»»

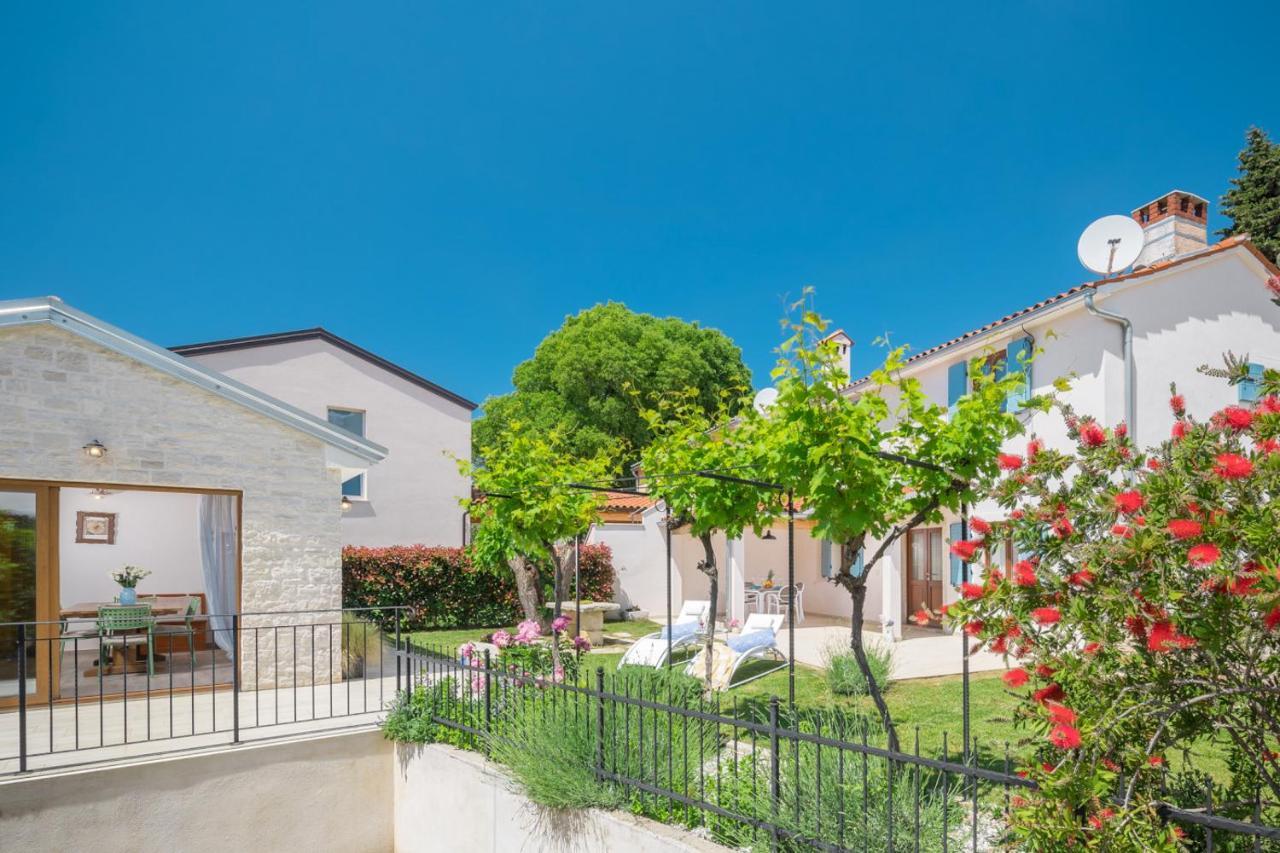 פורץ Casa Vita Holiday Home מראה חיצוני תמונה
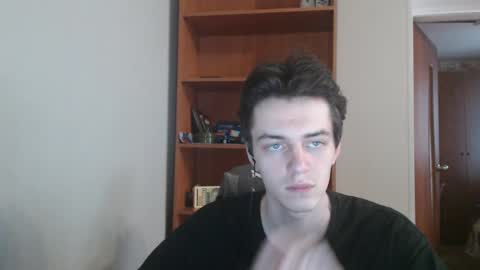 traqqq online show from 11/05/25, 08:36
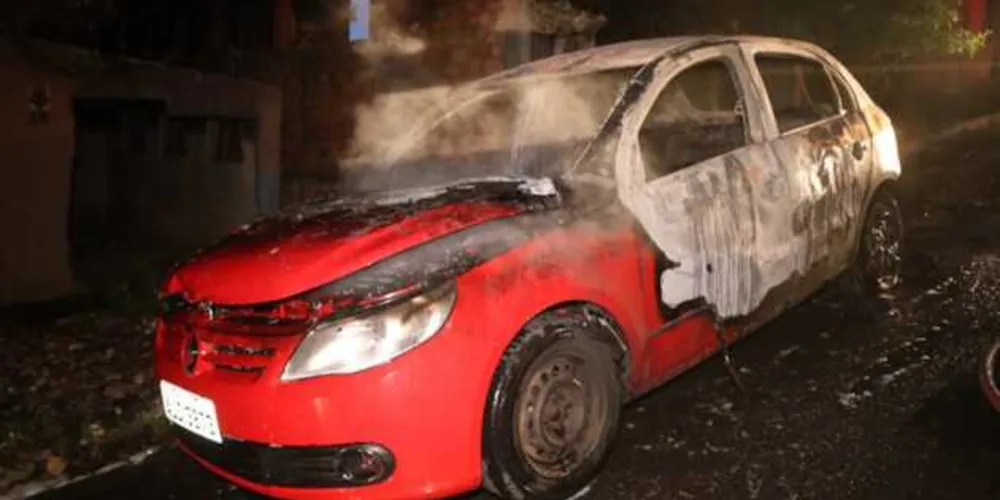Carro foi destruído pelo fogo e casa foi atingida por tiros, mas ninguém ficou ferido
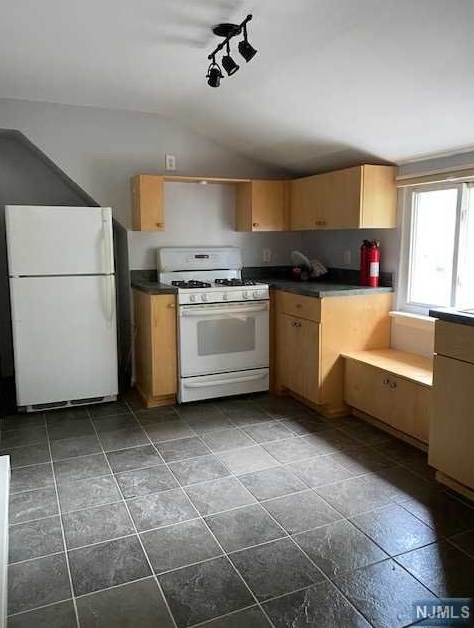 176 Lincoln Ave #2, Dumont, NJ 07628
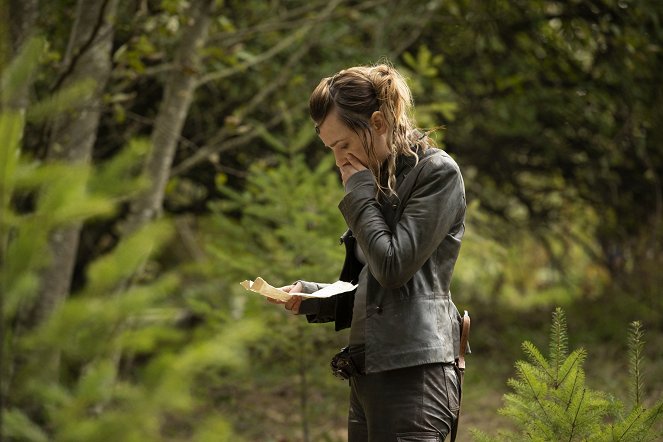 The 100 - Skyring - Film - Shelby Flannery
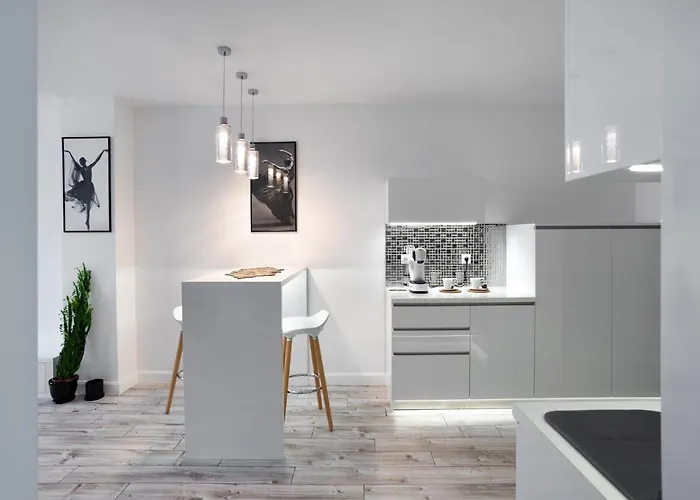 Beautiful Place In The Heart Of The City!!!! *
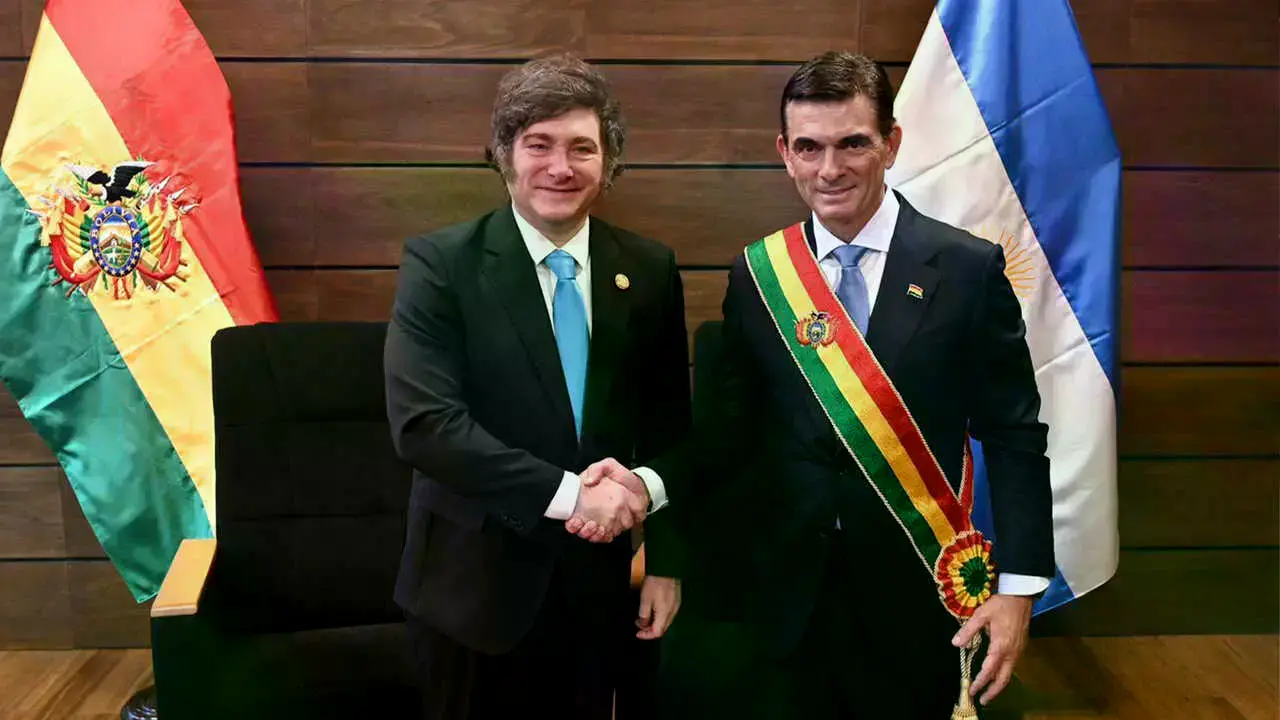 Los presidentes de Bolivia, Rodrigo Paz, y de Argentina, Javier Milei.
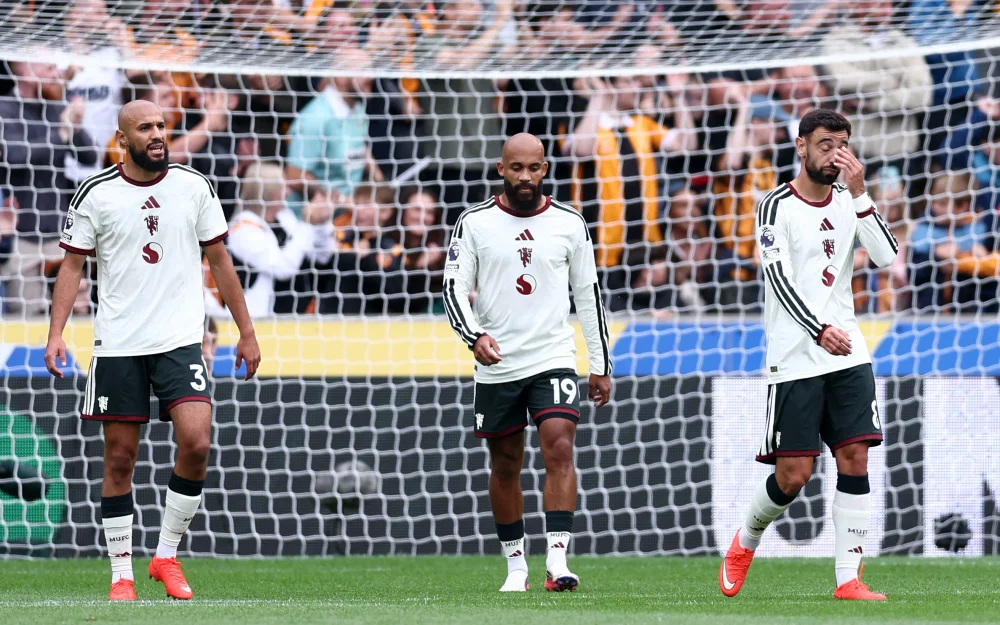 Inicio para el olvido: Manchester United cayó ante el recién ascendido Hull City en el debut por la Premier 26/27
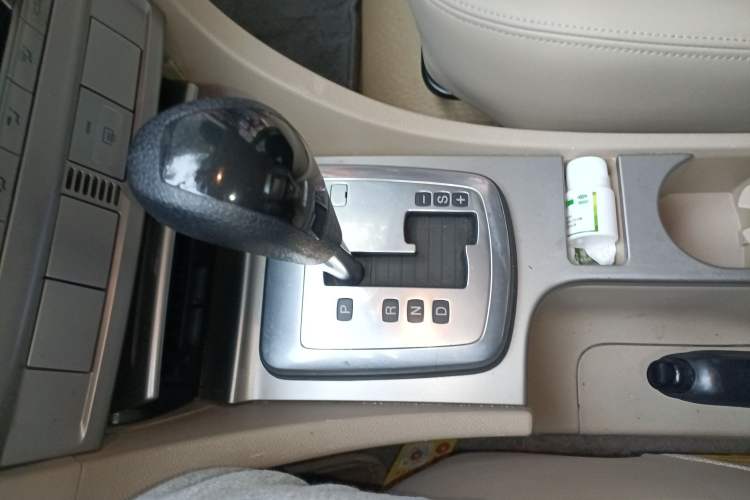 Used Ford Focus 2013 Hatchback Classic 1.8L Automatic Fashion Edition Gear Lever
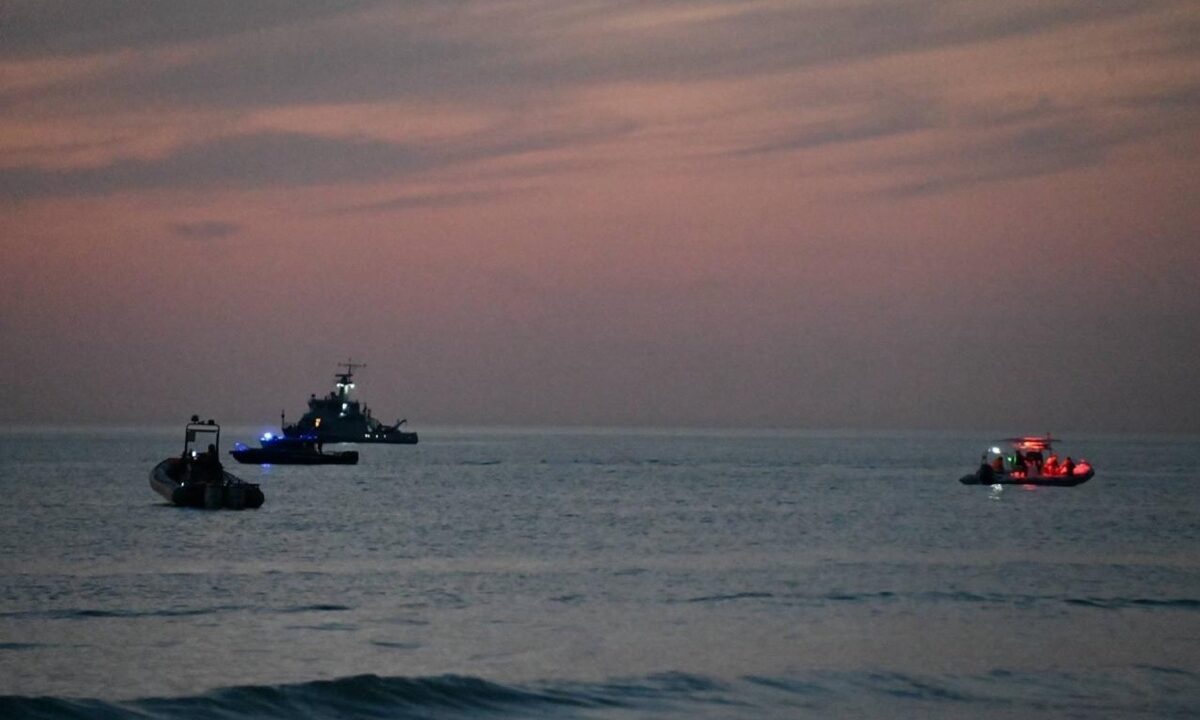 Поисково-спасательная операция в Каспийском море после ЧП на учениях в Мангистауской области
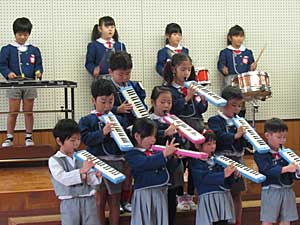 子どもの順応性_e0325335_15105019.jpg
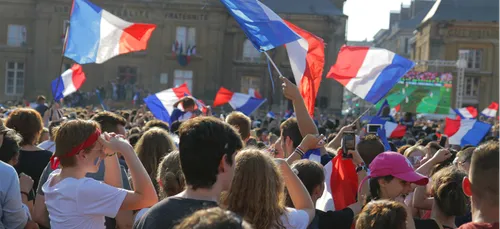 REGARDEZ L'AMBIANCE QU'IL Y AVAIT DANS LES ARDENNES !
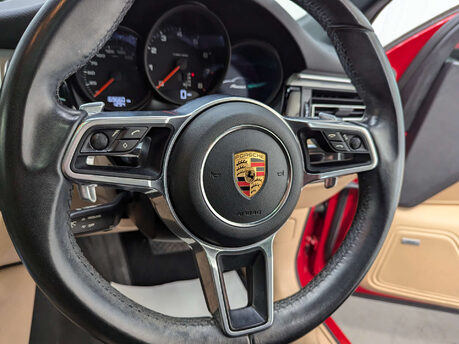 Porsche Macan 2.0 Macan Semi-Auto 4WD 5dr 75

««

* **Your goal**: The lines from the one containing "Used Ford Focus" through the last line of the entries are to be copied exactly, both ends included, and the pictures are to be omitted.

* **Exercise result**:
 Used Ford Focus 2013 Hatchback Classic 1.8L Automatic Fashion Edition Gear Lever
 Поисково-спасательная операция в Каспийском море после ЧП на учениях в Мангистауской области
 子どもの順応性_e0325335_15105019.jpg
 REGARDEZ L'AMBIANCE QU'IL Y AVAIT DANS LES ARDENNES !
 Porsche Macan 2.0 Macan Semi-Auto 4WD 5dr 75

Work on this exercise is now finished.